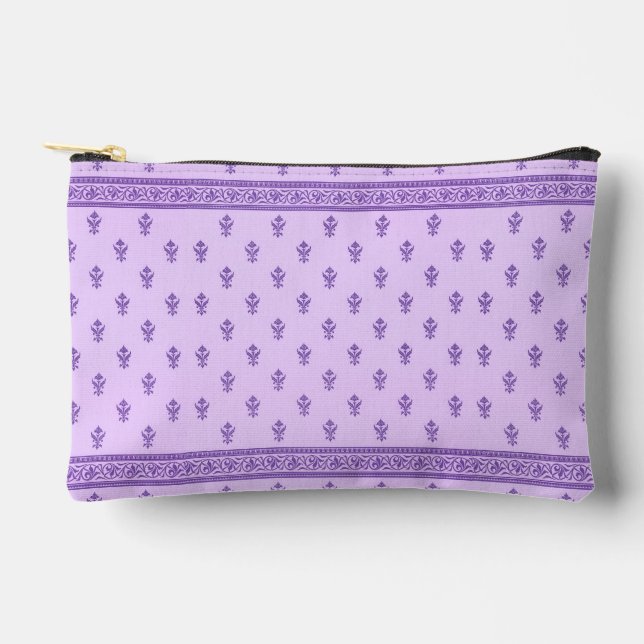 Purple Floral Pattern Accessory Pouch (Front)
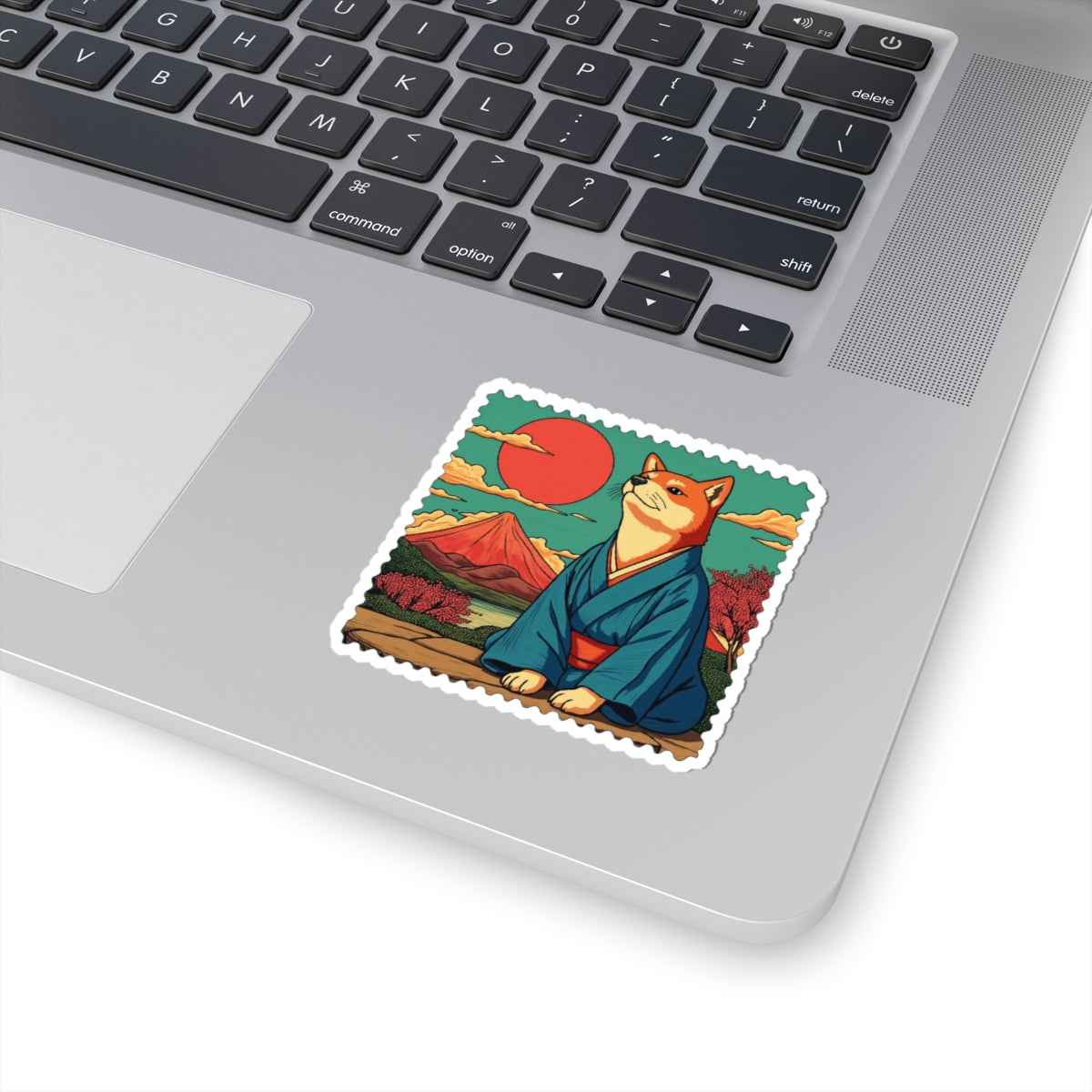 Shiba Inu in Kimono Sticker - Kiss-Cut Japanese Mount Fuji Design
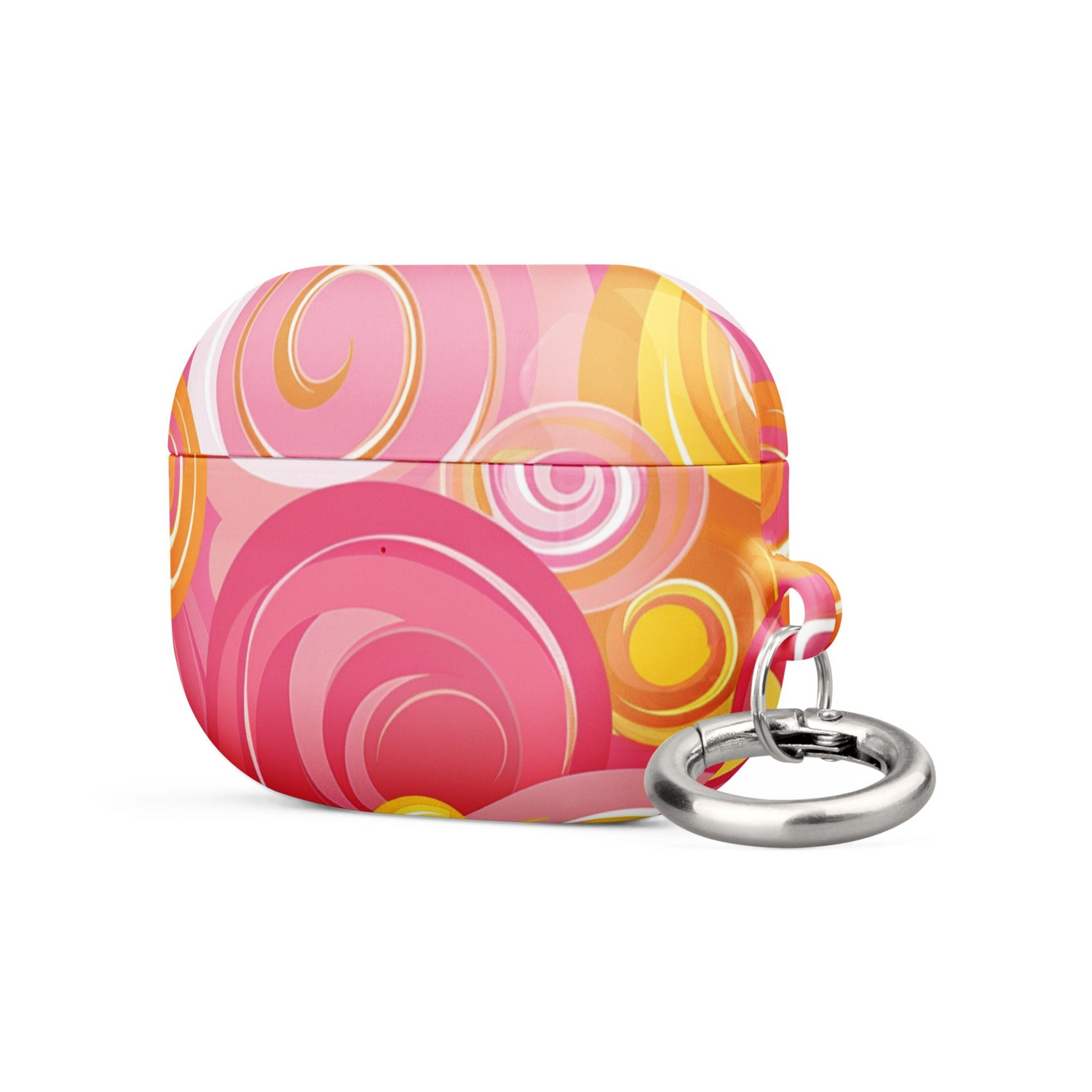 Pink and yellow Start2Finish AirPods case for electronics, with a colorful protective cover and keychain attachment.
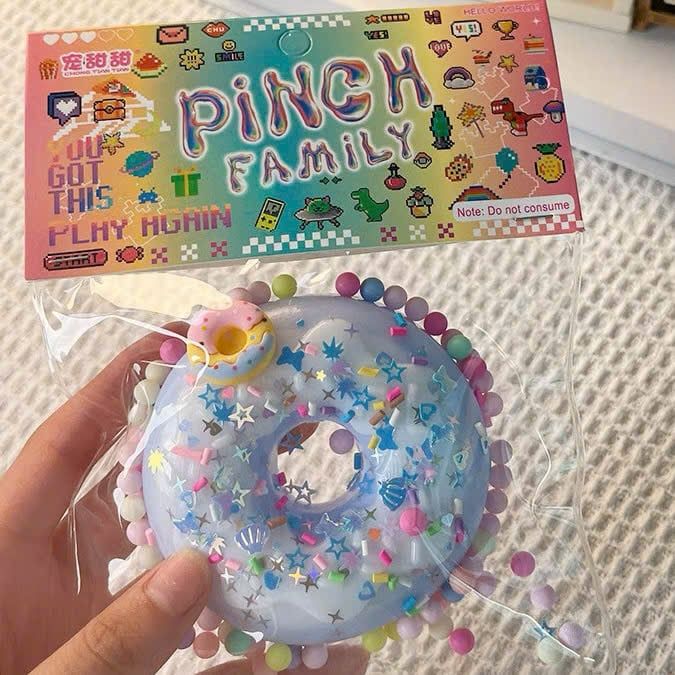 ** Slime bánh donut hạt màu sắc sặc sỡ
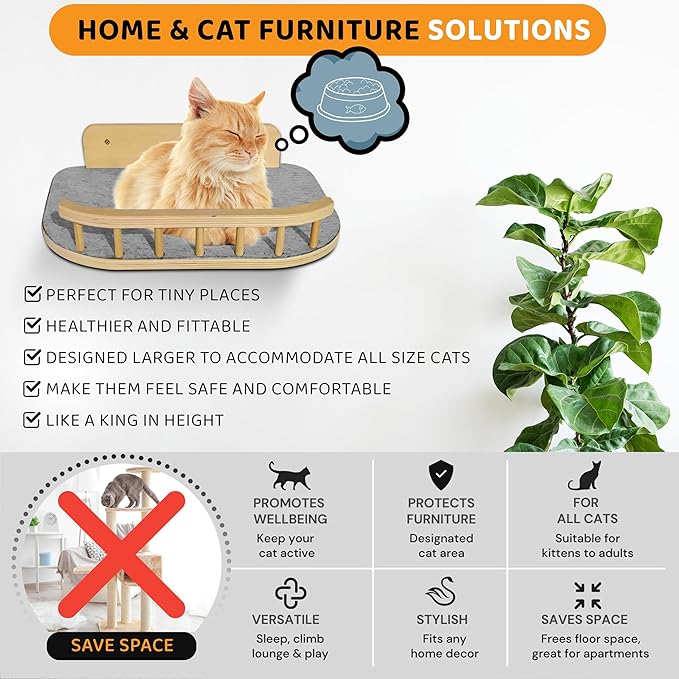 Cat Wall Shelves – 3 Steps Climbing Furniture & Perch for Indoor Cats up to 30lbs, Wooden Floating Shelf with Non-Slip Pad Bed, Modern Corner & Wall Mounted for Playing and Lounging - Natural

########

THE PROBLEM:
Every line of the material must be returned verbatim, and pictures must be left behind.

WRITTEN ANSWER:
 Purple Floral Pattern Accessory Pouch (Front)
 Shiba Inu in Kimono Sticker - Kiss-Cut Japanese Mount Fuji Design
 Pink and yellow Start2Finish AirPods case for electronics, with a colorful protective cover and keychain attachment.
 ** Slime bánh donut hạt màu sắc sặc sỡ
 Cat Wall Shelves – 3 Steps Climbing Furniture & Perch for Indoor Cats up to 30lbs, Wooden Floating Shelf with Non-Slip Pad Bed, Modern Corner & Wall Mounted for Playing and Lounging - Natural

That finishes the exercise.